Ze belde bij me aan, en vroeg of ze even binnen mocht komen.

‘Ik zag dat u de afwas stond te doen, en dat stelt me altijd gerust. Mensen zonder een afwasmachine, daar kan ik goed mee praten, denk ik.’

Ze was al behoorlijk zwanger. Ik feliciteerde haar en vroeg of ze niet te veel last had van de zwangerschap. Dat viel best mee. Voor zover ik kon zien, was zij geen prinses. Het zou haar dus bespaard blijven dat de dag na de aankondiging van de uitzettende buik er al computersimulaties in de krant zouden staan van hoe het kind in de buik eruit zou kunnen gaan zien. Over haar buik ook geen berichten in het nieuws met de woorden voor extreme ochtendmisselijkheid die zou kunnen wijzen op een tweeling in aantocht. Dat je dat hebt, is toch al erg genoeg, denk ik dan. Moet dat dan ook nog allemaal in de krant? Ik kon weer iets toevoegen aan mijn lijstje ‘dingen die ik gelukkig nooit geworden ben’: gelukkig ben ik geen prins, en gelukkig ben ik niet met een prinses getrouwd, gelukkig ben ik nog niet zwanger.

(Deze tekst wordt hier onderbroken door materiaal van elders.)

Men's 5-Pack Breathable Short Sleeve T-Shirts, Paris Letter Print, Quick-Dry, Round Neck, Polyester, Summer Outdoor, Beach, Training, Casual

Ik bood haar meteen mijn zachte leeszetel aan. Die heet Theo. Maar dat is verder geen probleem, hij zit gewoon geweldig goed. Is wel een XL-maat, en zij was wat aan de kleine kant. Buik wat vooruit, bengelende benen.

‘Ik heb het gevoel dat mijn zwangerschap vooral een effect heeft op de hormonen van mijn vriend. Hij staat zo scherp de hele tijd. Letterlijk en figuurlijk. Sinds hij zoveel is afgevallen, is dat alleen maar erger geworden. Vroeger was hij nog grappig. Nu veel minder. En sinds hij die streepjespakken aan heeft, is de humor helemaal ver te zoeken.’

Ze keek naar een punt ergens in de verte (ongeveer in mijn keuken waarschijnlijk). Haar ogen leken vermoeid, terwijl ze veel aanleg hadden voor guitigheid. Dat zag je aan de pretrimpeltjes.

‘Ik heb veel last van de oprukkende verbale agressie. Ik kan er steeds minder tegen eigenlijk. Mensen roepen de hele tijd, kankeren over alles, zeuren en zagen, en geven de schuld aan anderen, aan alle anderen. Mijn vriend heeft daar ook last van. En hij heeft het dan altijd over ‘ze’. Weet u wie ze zijn? Ik ook niet. Dan roept hij ineens, tussen het hoofdgerecht en het dessert. Ik had die tagliatelli met savooikool gemaakt van Jeroen Meus, lekker trouwens. Hij roept dan: en als ze vinden dat ik de afwas met de hand moet doen, dat ze het dan vooral zeggen! Dat is zo’n stijlfiguur, die als ze het…dat ze het dan… En ik vraag dan nog wie die ze wel zouden zijn. En dan kijkt hij me aan met zo’n blik van, uweetwel.’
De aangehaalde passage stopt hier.